- **Problem to work on**
With the pictures removed, write out the full listing below exactly.

- **Dataset excerpt**
------------------------

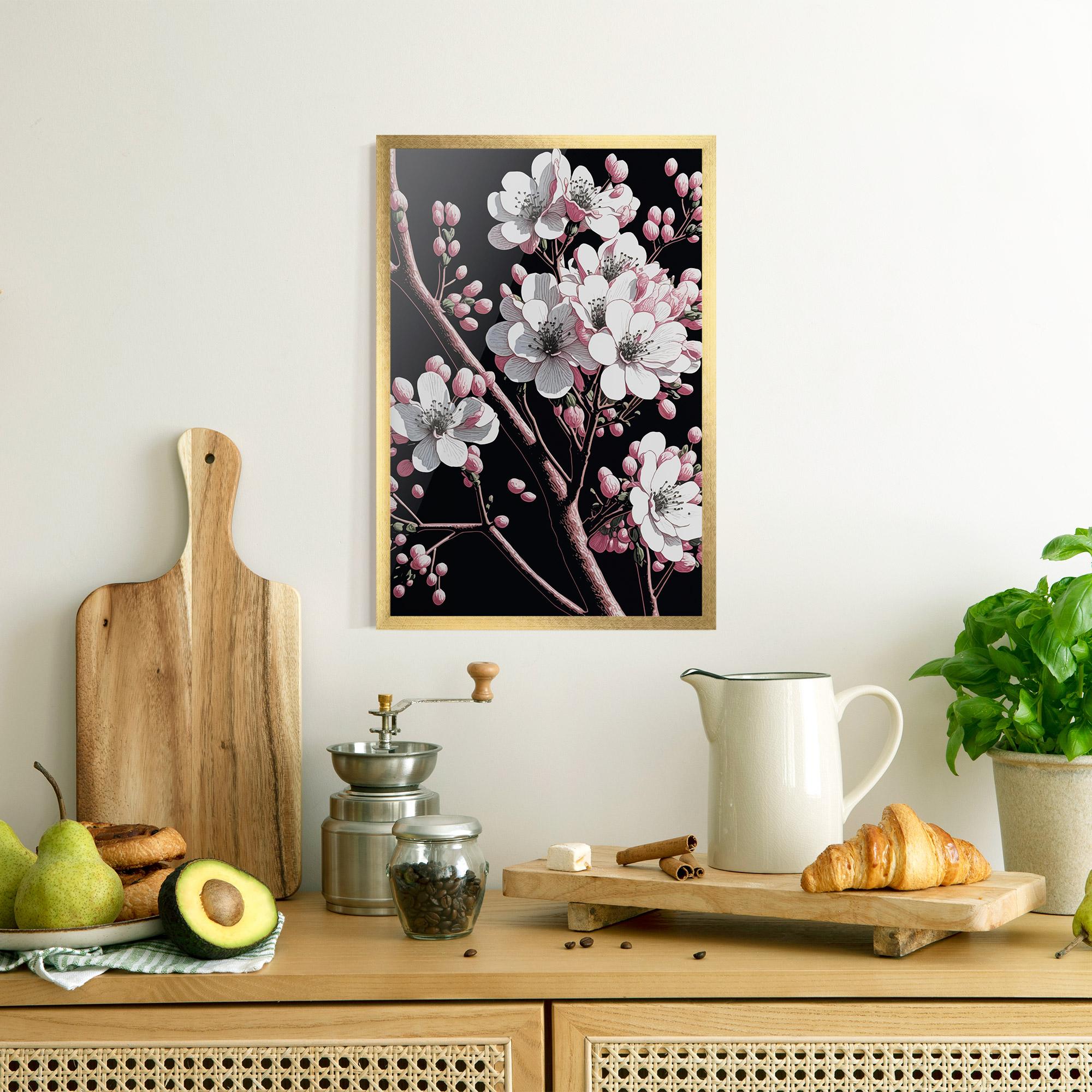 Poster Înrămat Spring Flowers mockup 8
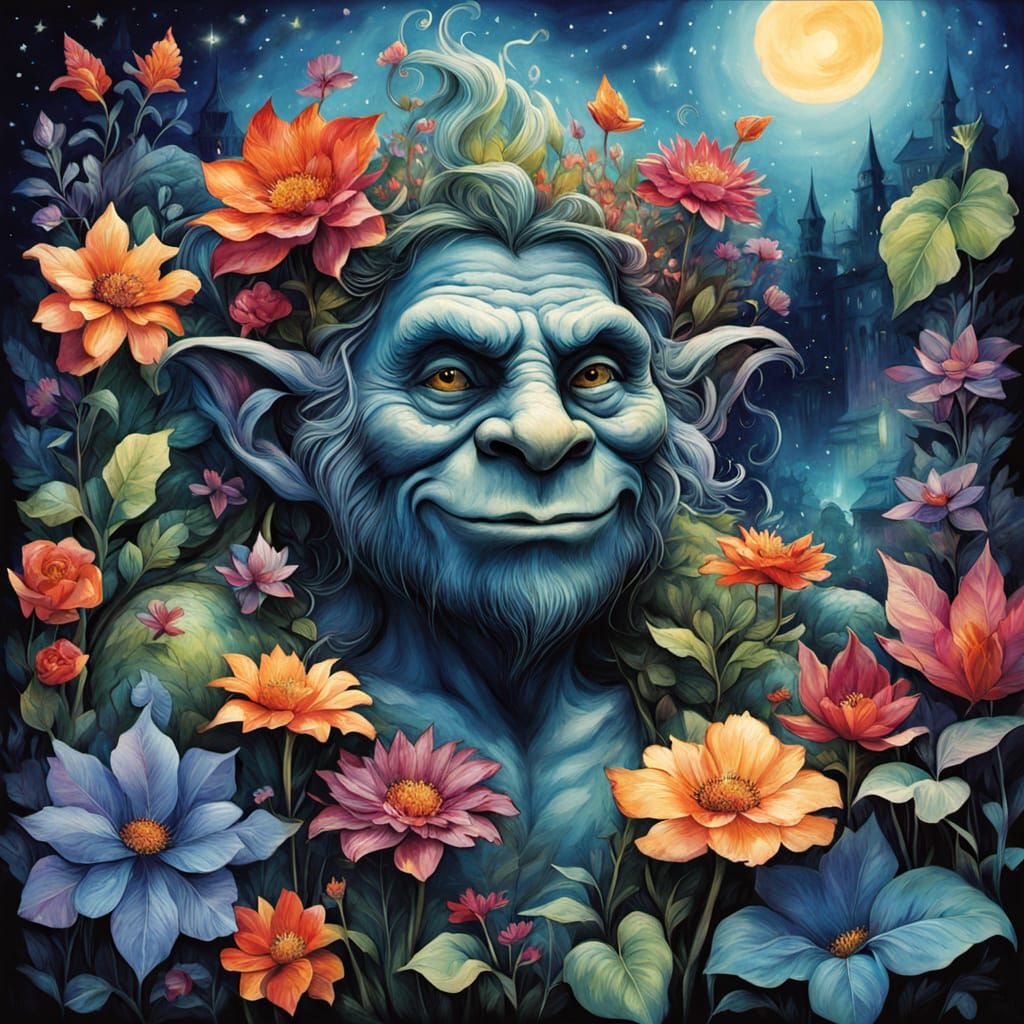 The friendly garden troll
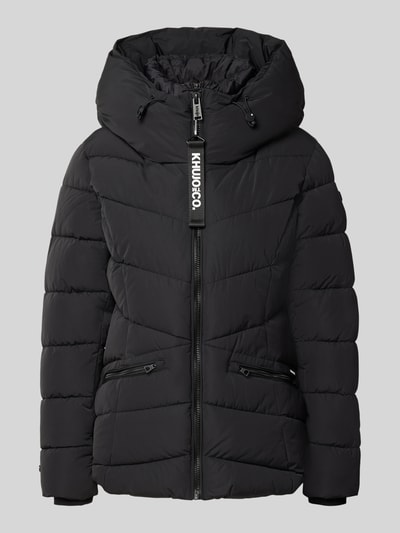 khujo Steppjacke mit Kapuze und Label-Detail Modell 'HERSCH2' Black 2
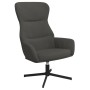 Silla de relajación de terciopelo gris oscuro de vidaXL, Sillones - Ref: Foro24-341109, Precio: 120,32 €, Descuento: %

------------------------

- **Solution for this exercise**
 Poster Înrămat Spring Flowers mockup 8
 The friendly garden troll
 khujo Steppjacke mit Kapuze und Label-Detail Modell 'HERSCH2' Black 2
 Silla de relajación de terciopelo gris oscuro de vidaXL, Sillones - Ref: Foro24-341109, Precio: 120,32 €, Descuento: %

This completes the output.